--- START ---

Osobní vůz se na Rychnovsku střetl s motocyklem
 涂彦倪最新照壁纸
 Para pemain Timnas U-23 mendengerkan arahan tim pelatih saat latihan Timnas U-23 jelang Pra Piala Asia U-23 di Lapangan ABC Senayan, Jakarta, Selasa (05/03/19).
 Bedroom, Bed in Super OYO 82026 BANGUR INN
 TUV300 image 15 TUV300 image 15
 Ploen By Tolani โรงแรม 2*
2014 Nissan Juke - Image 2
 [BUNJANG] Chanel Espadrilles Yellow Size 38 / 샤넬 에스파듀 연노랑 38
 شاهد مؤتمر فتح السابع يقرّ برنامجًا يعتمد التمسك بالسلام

--- END ---

## Task to complete
Only the lines from the start of the data to the line holding "TUV300 image 15 TUV300 image 15" are wanted; return them exactly, both ends included.

## Solved problem
Osobní vůz se na Rychnovsku střetl s motocyklem
 涂彦倪最新照壁纸
 Para pemain Timnas U-23 mendengerkan arahan tim pelatih saat latihan Timnas U-23 jelang Pra Piala Asia U-23 di Lapangan ABC Senayan, Jakarta, Selasa (05/03/19).
 Bedroom, Bed in Super OYO 82026 BANGUR INN
 TUV300 image 15 TUV300 image 15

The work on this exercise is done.